We don’t recommend playing intensive 3D games on an ultraportable laptop with an integrated graphics chip like the Iris Xe. The results of the Windows-only Superposition and 3DMark gaming graphics tests show the MateBook X Pro distinctly behind the Envy 14, which uses a more powerful Nvidia GeForce GTX 1650 Ti discrete GPU.
Alas, This Pro’s an Also-Ran
One of the most disappointing aspects of the MateBook X Pro is its short battery life. Huawei rates it for just 10 hours of local video playback. In our local video playback test, which involves setting the screen brightness to 50% and disabling Wi-Fi and Bluetooth, it lasted for less than nine hours…
That’s significantly behind all of its competitors. The MateBook X Pro’s power-hungry, high-resolution screen can’t excuse it here, since the MacBook Air also has a high-resolution screen and manages to last for nearly 30 hours unplugged.

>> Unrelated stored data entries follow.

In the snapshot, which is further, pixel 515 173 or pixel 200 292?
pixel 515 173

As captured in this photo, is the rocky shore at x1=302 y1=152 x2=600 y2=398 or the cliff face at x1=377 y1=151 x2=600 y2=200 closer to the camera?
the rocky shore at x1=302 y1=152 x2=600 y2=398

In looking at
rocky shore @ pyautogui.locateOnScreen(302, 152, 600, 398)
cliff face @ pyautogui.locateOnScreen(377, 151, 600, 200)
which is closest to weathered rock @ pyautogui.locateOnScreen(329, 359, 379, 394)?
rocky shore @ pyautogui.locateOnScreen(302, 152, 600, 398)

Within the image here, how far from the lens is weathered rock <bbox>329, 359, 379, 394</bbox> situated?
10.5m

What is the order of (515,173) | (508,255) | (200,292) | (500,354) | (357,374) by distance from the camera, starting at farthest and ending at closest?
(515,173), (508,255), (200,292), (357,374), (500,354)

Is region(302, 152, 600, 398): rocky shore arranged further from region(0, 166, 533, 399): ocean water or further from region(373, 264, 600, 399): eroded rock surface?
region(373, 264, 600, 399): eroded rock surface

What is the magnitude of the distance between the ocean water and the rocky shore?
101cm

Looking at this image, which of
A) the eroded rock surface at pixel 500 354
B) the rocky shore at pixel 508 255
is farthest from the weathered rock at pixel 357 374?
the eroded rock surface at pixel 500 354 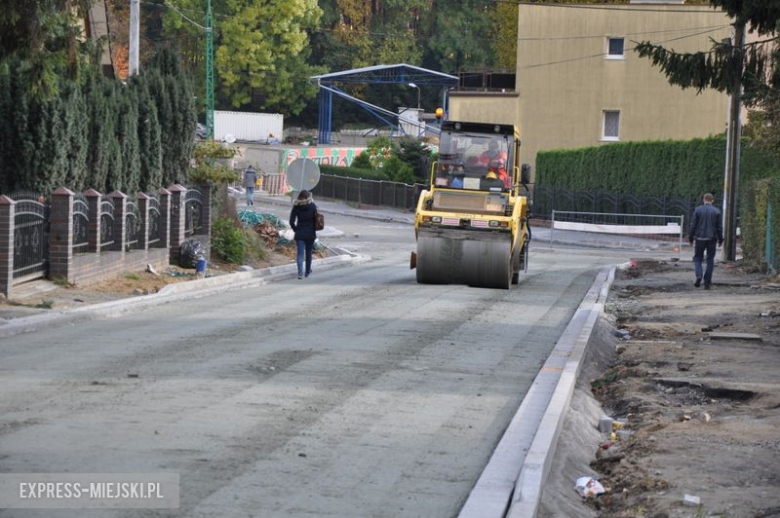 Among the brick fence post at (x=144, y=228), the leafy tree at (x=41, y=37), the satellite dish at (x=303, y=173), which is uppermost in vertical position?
the leafy tree at (x=41, y=37)

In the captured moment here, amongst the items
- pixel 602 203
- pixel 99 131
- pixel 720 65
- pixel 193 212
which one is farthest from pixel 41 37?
pixel 602 203

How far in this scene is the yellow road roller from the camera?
24.0 m

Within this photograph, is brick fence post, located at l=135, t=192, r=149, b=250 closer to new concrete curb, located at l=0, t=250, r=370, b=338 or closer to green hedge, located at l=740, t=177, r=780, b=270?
new concrete curb, located at l=0, t=250, r=370, b=338

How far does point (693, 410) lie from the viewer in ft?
38.6

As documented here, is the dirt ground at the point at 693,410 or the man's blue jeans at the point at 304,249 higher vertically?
the man's blue jeans at the point at 304,249

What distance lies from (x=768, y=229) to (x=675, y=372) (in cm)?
1508

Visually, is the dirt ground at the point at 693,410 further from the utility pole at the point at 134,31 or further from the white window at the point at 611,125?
the white window at the point at 611,125

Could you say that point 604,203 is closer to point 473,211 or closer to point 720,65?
point 473,211

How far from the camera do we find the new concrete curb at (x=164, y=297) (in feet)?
53.2

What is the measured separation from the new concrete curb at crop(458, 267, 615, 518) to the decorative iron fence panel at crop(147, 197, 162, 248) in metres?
12.1

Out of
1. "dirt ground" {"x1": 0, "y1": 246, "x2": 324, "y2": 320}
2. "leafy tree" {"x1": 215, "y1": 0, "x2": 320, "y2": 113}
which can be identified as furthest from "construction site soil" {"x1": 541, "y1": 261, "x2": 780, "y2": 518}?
"leafy tree" {"x1": 215, "y1": 0, "x2": 320, "y2": 113}

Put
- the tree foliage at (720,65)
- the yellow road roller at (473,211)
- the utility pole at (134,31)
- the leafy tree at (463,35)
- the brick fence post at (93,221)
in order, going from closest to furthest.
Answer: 1. the tree foliage at (720,65)
2. the brick fence post at (93,221)
3. the yellow road roller at (473,211)
4. the utility pole at (134,31)
5. the leafy tree at (463,35)

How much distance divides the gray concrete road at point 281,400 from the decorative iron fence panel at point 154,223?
17.1 feet

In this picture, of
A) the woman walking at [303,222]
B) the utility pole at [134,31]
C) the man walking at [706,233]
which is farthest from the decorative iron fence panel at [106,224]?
the man walking at [706,233] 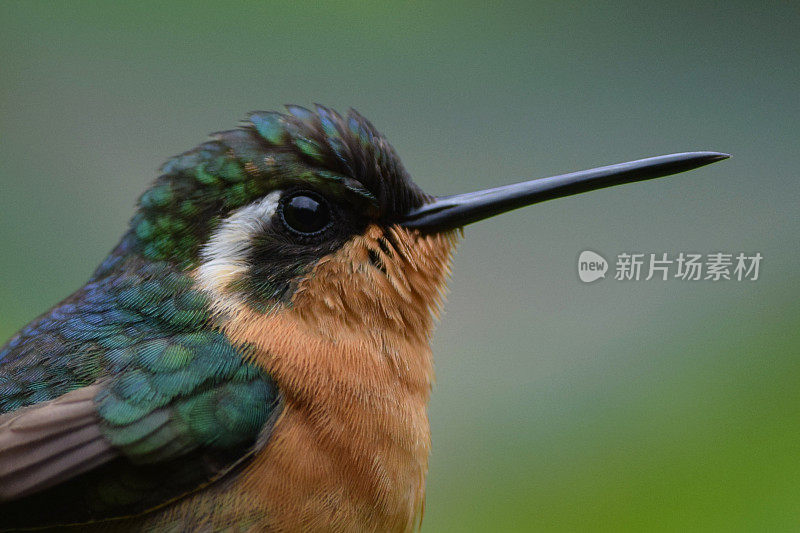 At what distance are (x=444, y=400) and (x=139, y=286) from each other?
198cm

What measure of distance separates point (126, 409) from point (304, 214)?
2.09 ft

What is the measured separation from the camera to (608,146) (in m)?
4.42

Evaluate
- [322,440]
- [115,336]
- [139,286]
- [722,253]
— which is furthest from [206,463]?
[722,253]

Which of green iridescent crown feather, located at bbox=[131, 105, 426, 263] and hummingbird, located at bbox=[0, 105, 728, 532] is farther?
green iridescent crown feather, located at bbox=[131, 105, 426, 263]

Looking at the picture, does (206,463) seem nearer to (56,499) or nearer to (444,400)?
(56,499)

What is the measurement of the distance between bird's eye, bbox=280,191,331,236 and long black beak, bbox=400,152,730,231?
0.24 metres

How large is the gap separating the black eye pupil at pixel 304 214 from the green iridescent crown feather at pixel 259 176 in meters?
0.05

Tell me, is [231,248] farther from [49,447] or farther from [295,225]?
[49,447]

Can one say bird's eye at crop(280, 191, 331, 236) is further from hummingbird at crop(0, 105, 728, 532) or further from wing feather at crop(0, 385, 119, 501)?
wing feather at crop(0, 385, 119, 501)

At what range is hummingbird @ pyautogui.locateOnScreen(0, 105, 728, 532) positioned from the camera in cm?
174

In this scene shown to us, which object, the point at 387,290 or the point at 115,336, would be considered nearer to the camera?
the point at 115,336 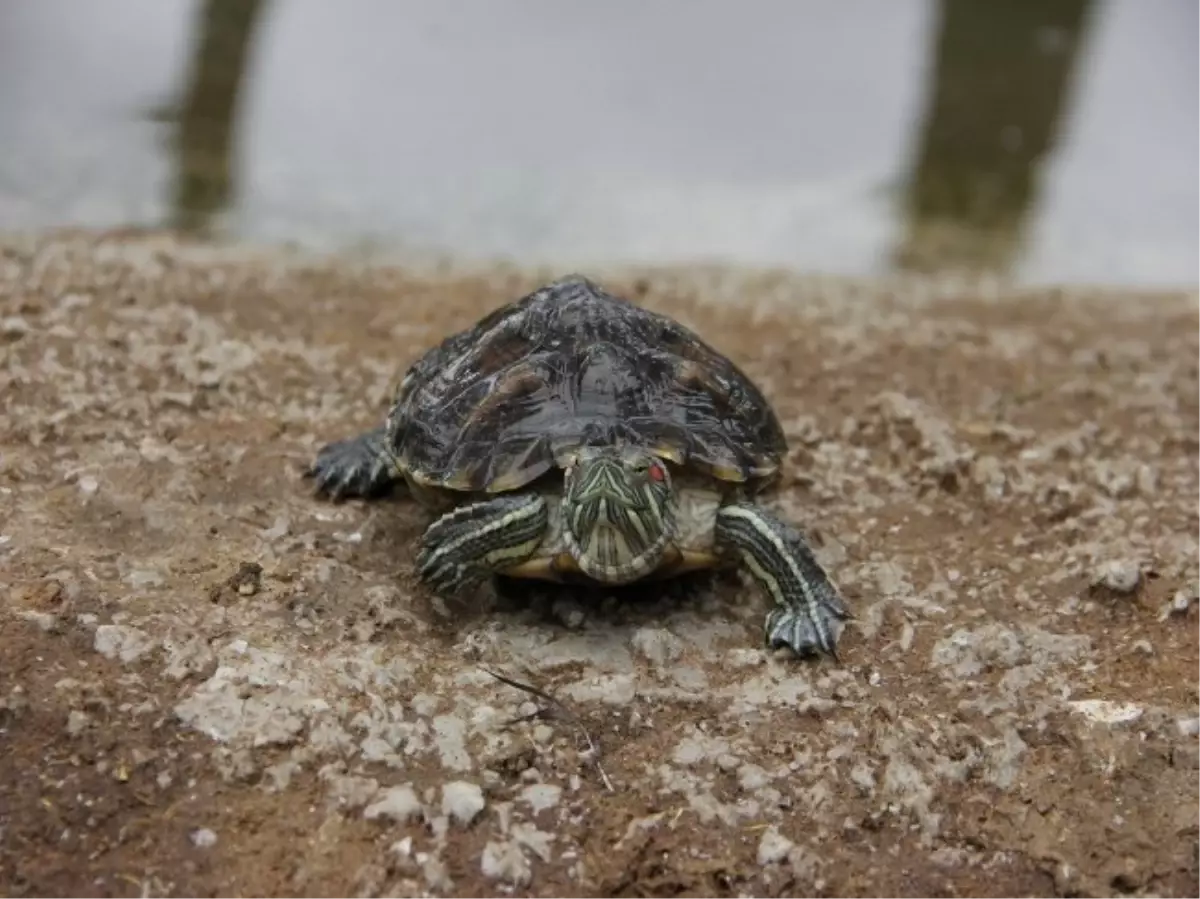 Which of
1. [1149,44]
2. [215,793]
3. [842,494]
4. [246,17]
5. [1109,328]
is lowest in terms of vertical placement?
[215,793]

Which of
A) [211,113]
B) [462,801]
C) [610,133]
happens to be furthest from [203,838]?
[610,133]

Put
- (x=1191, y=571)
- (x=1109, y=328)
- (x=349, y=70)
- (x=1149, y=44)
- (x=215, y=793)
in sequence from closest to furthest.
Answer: (x=215, y=793)
(x=1191, y=571)
(x=1109, y=328)
(x=349, y=70)
(x=1149, y=44)

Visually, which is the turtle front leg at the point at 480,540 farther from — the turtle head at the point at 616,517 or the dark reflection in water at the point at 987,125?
the dark reflection in water at the point at 987,125

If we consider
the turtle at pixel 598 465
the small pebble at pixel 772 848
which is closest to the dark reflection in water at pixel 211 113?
the turtle at pixel 598 465

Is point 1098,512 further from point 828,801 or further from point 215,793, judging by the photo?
point 215,793

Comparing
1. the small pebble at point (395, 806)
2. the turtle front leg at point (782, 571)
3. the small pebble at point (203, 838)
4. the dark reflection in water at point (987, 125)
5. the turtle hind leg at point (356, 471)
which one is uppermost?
the dark reflection in water at point (987, 125)

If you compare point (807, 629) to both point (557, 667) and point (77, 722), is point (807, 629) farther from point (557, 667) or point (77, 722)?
point (77, 722)

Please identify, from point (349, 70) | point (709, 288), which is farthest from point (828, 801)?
point (349, 70) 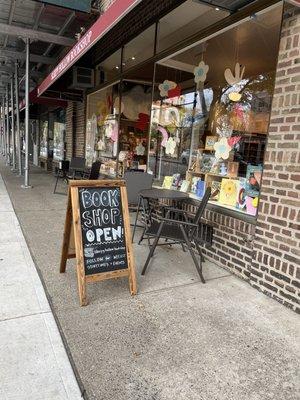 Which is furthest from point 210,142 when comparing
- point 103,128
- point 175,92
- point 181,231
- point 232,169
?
point 103,128

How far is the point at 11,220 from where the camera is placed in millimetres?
5621

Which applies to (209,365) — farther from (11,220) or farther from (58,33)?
(58,33)

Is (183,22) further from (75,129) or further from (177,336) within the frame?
(75,129)

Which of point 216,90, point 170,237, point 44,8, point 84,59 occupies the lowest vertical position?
point 170,237

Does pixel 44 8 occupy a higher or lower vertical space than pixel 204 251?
higher

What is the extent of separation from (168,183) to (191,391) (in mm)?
3970

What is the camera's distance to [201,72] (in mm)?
5039

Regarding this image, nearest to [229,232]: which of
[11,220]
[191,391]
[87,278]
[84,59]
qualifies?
[87,278]

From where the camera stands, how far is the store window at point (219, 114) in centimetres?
397

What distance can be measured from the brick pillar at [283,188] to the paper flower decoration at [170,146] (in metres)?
2.54

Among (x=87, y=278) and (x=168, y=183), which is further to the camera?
(x=168, y=183)

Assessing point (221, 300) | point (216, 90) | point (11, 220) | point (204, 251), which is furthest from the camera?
point (11, 220)

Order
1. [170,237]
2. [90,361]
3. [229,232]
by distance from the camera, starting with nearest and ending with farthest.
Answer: [90,361], [170,237], [229,232]

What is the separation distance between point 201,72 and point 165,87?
918mm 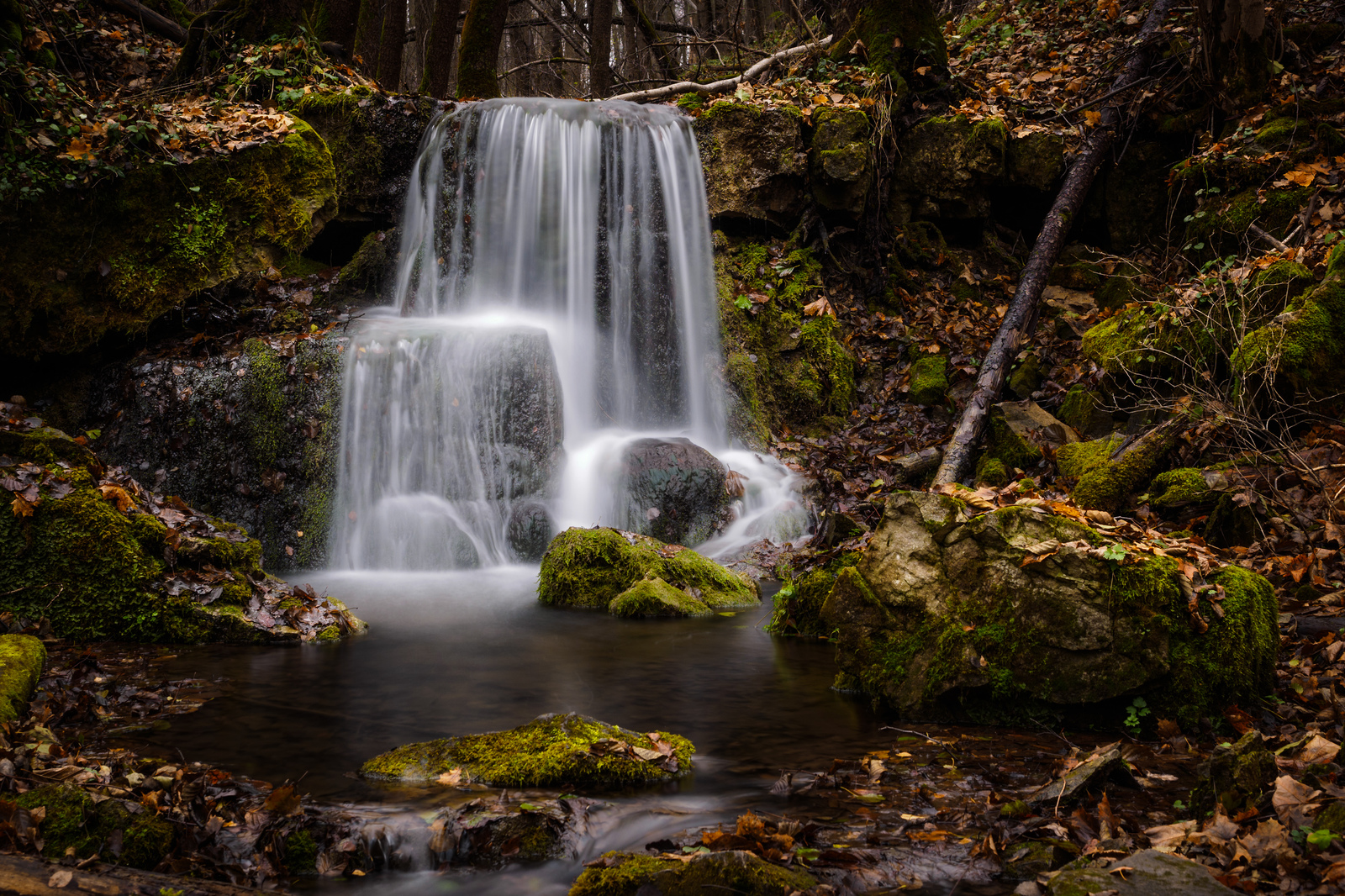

Battery life and camera quality are critically important in the work-from-home world we live in, where many people are chained to their laptops at home all day long and may need to negotiate office space and power outlet use with other family members. The MateBook X Pro offers decidedly subpar experiences in both of these critical areas, even if it’s otherwise a decent premium ultraportable laptop. Add in Huawei’s unique availability challenges, and the result is that most people would be better off buying a comparably equipped, Editors’ Choice-winning XPS 13 instead.